TheAgenticAI · Syedumer-97 · Dec 19, 2025
diff --git a/cortex_on/TRACING_IMPLEMENTATION.md b/cortex_on/TRACING_IMPLEMENTATION.md
@@ -0,0 +1,225 @@
+# CortexON Tracing System Implementation
+
+## Overview
+
+Successfully implemented a lightweight execution tracing and structured logging system for the CortexON multi-agent workflow system.
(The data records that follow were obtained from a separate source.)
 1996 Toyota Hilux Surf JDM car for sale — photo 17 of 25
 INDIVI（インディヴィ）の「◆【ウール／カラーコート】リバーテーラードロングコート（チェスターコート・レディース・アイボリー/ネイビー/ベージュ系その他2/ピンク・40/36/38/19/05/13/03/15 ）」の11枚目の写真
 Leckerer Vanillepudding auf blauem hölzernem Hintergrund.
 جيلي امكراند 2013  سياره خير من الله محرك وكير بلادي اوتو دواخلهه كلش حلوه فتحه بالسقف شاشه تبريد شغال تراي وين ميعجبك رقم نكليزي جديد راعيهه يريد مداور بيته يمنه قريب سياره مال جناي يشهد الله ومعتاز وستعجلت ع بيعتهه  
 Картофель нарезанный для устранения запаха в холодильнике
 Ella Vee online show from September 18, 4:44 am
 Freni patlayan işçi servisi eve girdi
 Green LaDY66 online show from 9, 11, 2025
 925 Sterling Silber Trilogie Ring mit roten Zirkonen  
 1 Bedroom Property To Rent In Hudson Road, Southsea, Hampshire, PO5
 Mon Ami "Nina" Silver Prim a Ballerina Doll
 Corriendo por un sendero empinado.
The implementation meets all specified requirements and integrates cleanly with the existing FastAPI + PydanticAI architecture.
+
+## ✅ Requirements Met
+
+### 1. Unique Request Tracking
+- ✅ Every user request generates a unique `run_id` via FastAPI middleware
+- ✅ `run_id` is propagated across all async boundaries using `contextvars`
+- ✅ `X-Run-ID` header is automatically added to HTTP responses
+
+### 2. Step-Level Tracing  
+- ✅ Every agent action/tool execution generates a unique `step_id`
+- ✅ Step lifecycle managed via helper functions and context managers
+- ✅ Automatic step start/end with success/error tracking
+
+### 3. Structured Logging
+- ✅ JSON-friendly structured logs with automatic trace metadata injection
+- ✅ Logs include `run_id`, `step_id`, `agent_name`, `tool_name`
+- ✅ Compatible with Pydantic Logfire
+- ✅ Graceful fallback when Logfire is not available
+
+### 4. Async-Safe Context Propagation
+- ✅ Uses `contextvars.ContextVar` for proper async context propagation
+- ✅ Context automatically propagates across async function calls
+- ✅ No context leakage between concurrent requests
+
+### 5. Clean Integration
+- ✅ Integrates with existing FastAPI + PydanticAI code
+- ✅ No breaking changes to existing APIs
+- ✅ Minimal code changes required for integration
+
+### 6. Configuration & Performance
+- ✅ Environment-based configuration (`TRACING_ENABLED`, `LOG_FORMAT`)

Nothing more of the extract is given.